“We Don’t Know How to Get There”
This morning I attended a breakfast meeting put on by the Urban Land Institute featuring a presentation by Ewe Brandes on their recently published book “Growing Cooler,” which details the relationship between housing density and greenhouse gas emissions (see related post here). The room was filled with the likes of Diane Sugimura and Joe Tovar, along with the typical ULI real estate development crowd and a smattering of architects.
During the opening talks given by Bert Gregory of Mithun and a woman (I’ll get the name) with King County, and through the wonky (as he put it) presentation by Brandes, I kept having the feeling I was witnessing something almost religious in nature. Terms like “new economy” and “paradigm shift” and “new American dream” flowed freely.
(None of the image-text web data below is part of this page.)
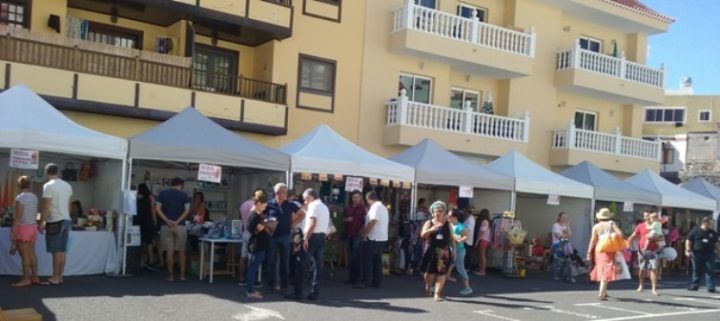 El Ayuntamiento de Valle Gran Rey celebra que la II edición del Exposaldo sea un exito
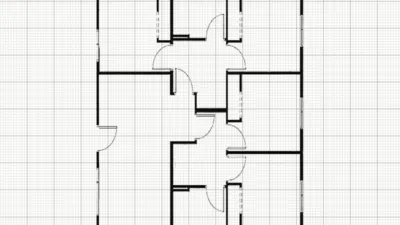 Terraced house on Natación Street photo 11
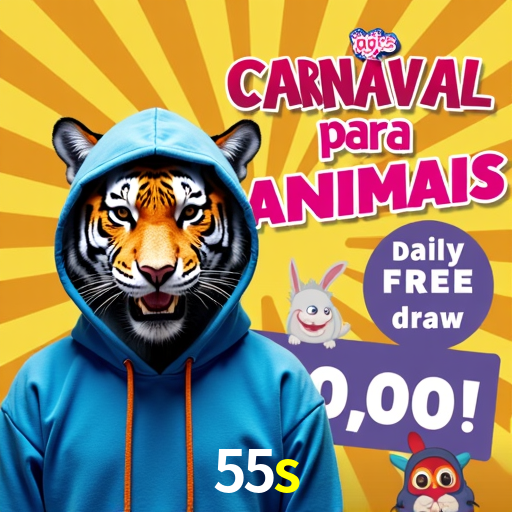 A Popularidade dos Caça-Níqueis no 55s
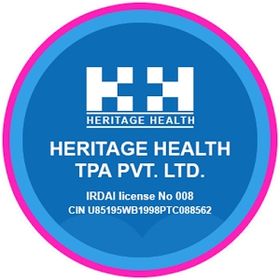 Heritage Cashless TPA Partner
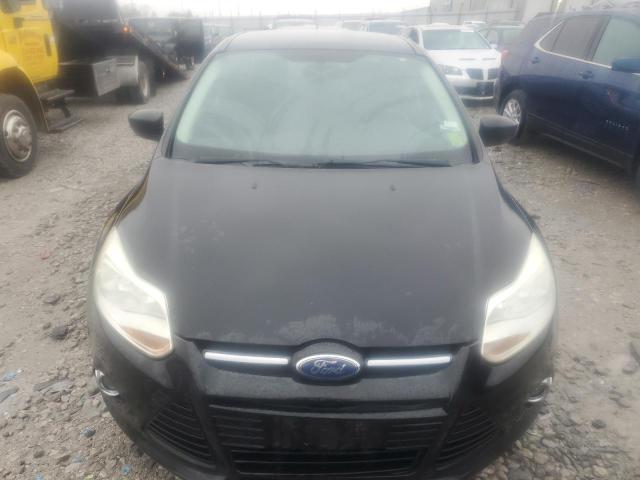 Photo 4 VIN: 1FAHP3F20CL325572 - FORD FOCUS SE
Now, I’m about as cynically skeptical as they come, but this sort of language in this context wasn’t setting off any of my highly sensitive bullshit detectors. On the contrary, I found it moving, and dare I say, hopeful.
Brandes wrapped up his talk discussing the reductions that the IPCC is calling for–70 to 80% from 1990 levels by 2050–and how difficult that will be, and how we have loads of potential ideas and strategies but it’s all so complex no one can possibly integrate it all into one well-defined plan of action, much less get everyone to adopt such a plan.
And the very last thing he said was this: “We don’t know how to get there.” Tell it like it is, brother!